プロ野球の近鉄、中日、西武で活躍し、昨年末の引退後は野球解説者兼コメンテーターとしてテレビ・ラジオに出演している金村義明(本名・金義明)さんが、自伝「在日魂」(講談社、1600円)を出版した。野球を始めた少年時代から、優勝投手となった甲子園での活躍、プロ野球で一軍定着までの苦労、「日本人の何倍も努力しないと、在日は認められない」と語った母の教えなど、まさに”在日魂”が伝わる本だ。11月下旬の出版以来、売れ行きも好調だ。金村さんに話を聞いた。
「負けたらあかん」を胸に
||出版の動機は。
引退後、講談社から熱心に出版を勧められた。野球界の話を面白く書いた本は多いが、それよりも在日として前向きに生きてきた半生をつづりたかった。
在日4世となる息子が、小学6年生を筆頭に3人いるが、子どもたちにも将来読んでもらいたい。妻は思い出すことが多かったのか、泣きながら読んでくれた。
||在日3世としての金村さんの生き様とは。
幼いころ母に、「ヨッちゃんは日本人ではなく朝鮮人や。引け目を感じんでもいいが、絶対に(日本人に)負けたらあかん」と教えられた。

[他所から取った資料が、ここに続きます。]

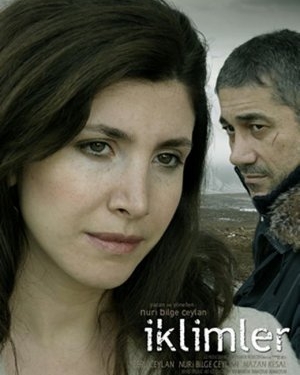 İklimler (2006)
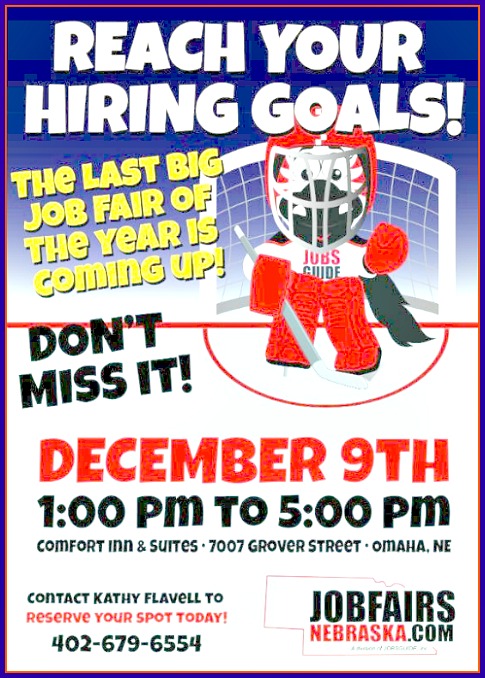 2015-11-04 Job_Fair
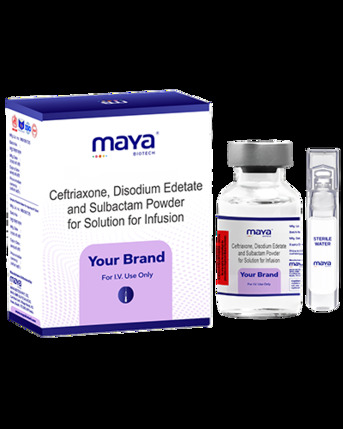 Chandigarh, Medical, Dry Injection Manufacturers In India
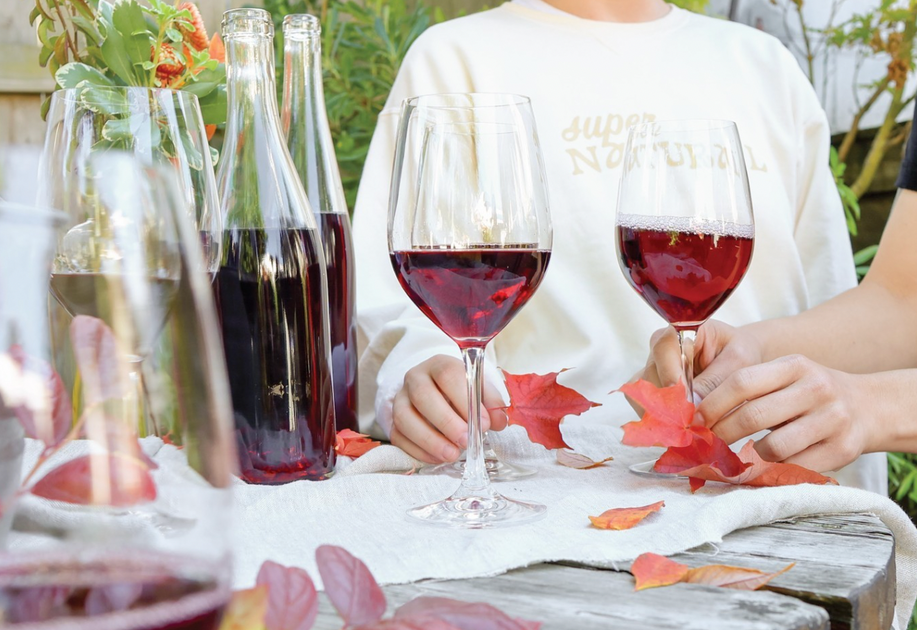 Where to Celebrate Beaujolais Nouveau Day 2024 in Seattle EverOut Seattle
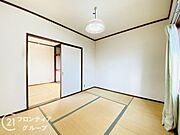念願のマイホーム購入をお手伝いいたします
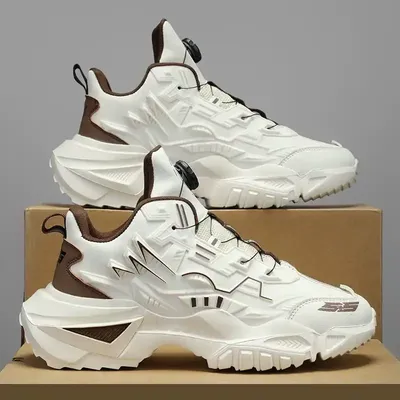 CROSS-BORDER EXPLOSIONS SHOES 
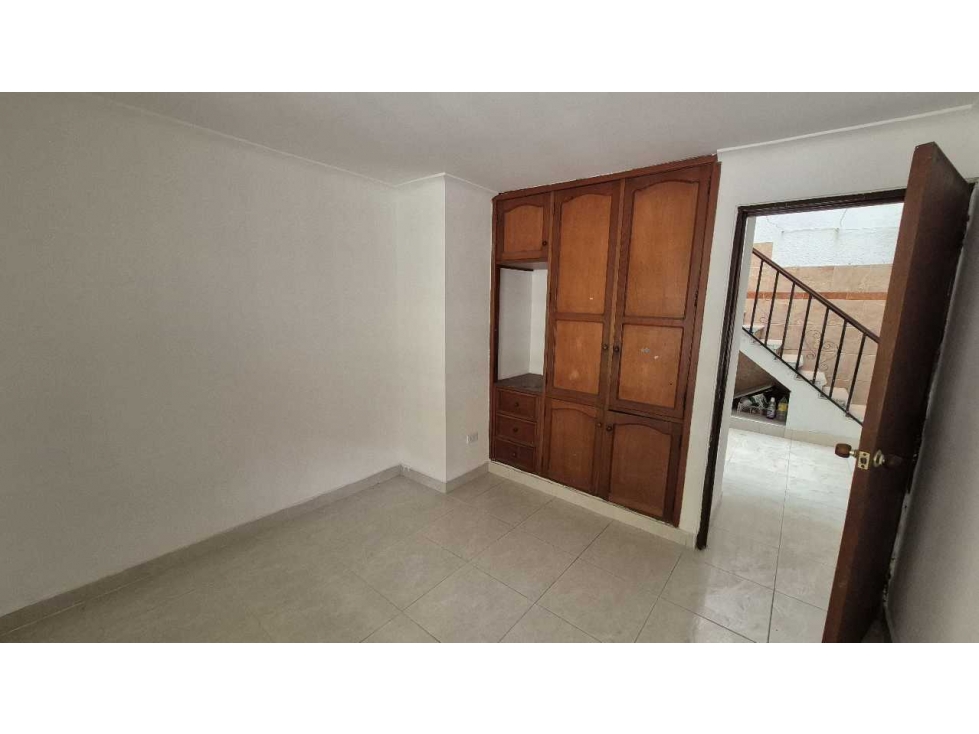 VENTA CASA ANTONIO NARIÑO LOCAL Y 2 PISOS INDEPENDIENTES CON PLANCHA - 5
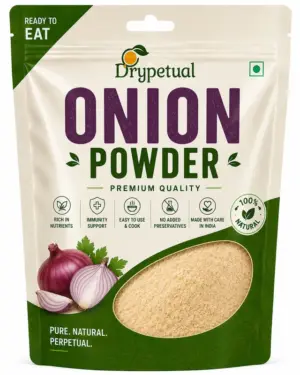 Onion Powder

報徳学園時代、エースナンバー1番が自分と交代させられたとき、その投手の母親が「せっかく監督に言って使ってもらうようにしたのに、センチョウなんかに取られて」と怒鳴ったのを聞いた母は、「センチョウ」が「朝鮮」を逆さまにした表現だとすぐにわかって悔しい思いをした。
試合後、母は泣きながら「絶対に負けたらあかん」と繰り返した。この「負けたらあかん」を肝に銘じて、自分は育った。
||入団時のいじめ、二軍生活の悲哀、伝説の”一〇・一九決戦、FA、そしてトレードと、18年間のプロ野球生活の話がとても興味深い。
「球団史上最高の契約金」と騒がれて近鉄に入ったので、チーム内には反感が満ちていた。また鳴り物入りでスタートしたが、一軍の壁は厚く二軍との往復が続いた。不安を打ち消すため、酒と女におぼれる状態が続いた。当時のコーチ陣に打撃・守備を厳しく指導され、5年目からレギュラーに定着できた。
逆転優勝目前で夢がつぶれた89年の一〇・一九決戦は、野球人生を通して最高最大の体験だった。その後、鈴木啓示監督の指導力不足でチームがばらばらになってしまい、ぼくもFAで中日、さらにトレードで西武へ行った。相次ぐケガと年齢からくる衰えで引退を決意したが、もっと続けられなかったかといまでも悔いが残っている。後輩たちには、一日でも長く現役生活をするように努力しろとアドバイスしている。またいつの日か、監督をやってみたいと考えている。”野球人”として生き抜きたい。
||子育て論の本としても参考になる。
在日としてのルーツと親を敬うことの大切さは、子どもにしっかり伝えたい。また約束を破ってはいけないことも教えている。異論があるかもしれないが、同じ間違いをさせないためには体罰も必要だと考えている。
||最後に、在日の読者に一言。
「昔ながらのファンで楽しく読ませてもらった」「同じ在日として勇気をもらった」などの反響を、在日の方々から多くいただいた。私の個人史を書いた本だが、読んで元気になってくれたら何よりだ。在日の野球少年には、特に読んでもらいたい。21世紀は日本人だとか在日だとかでなく、人間としての生き方が大事な時代になるだろう。
略歴
キム・ウィミョン 1963年兵庫県宝塚市生まれ。79年報徳学園高等部入学。81年は春夏連続で甲子園大会に出場。エースで4番として夏の大会の全国優勝に貢献。その年のドラフト会議で近鉄から1位指名され入団。勝負強いバッティングで三塁手として活躍する。95年、FAで中日に移籍。97年西武に移籍。99年引退。在日の衣里夫人との間に3男。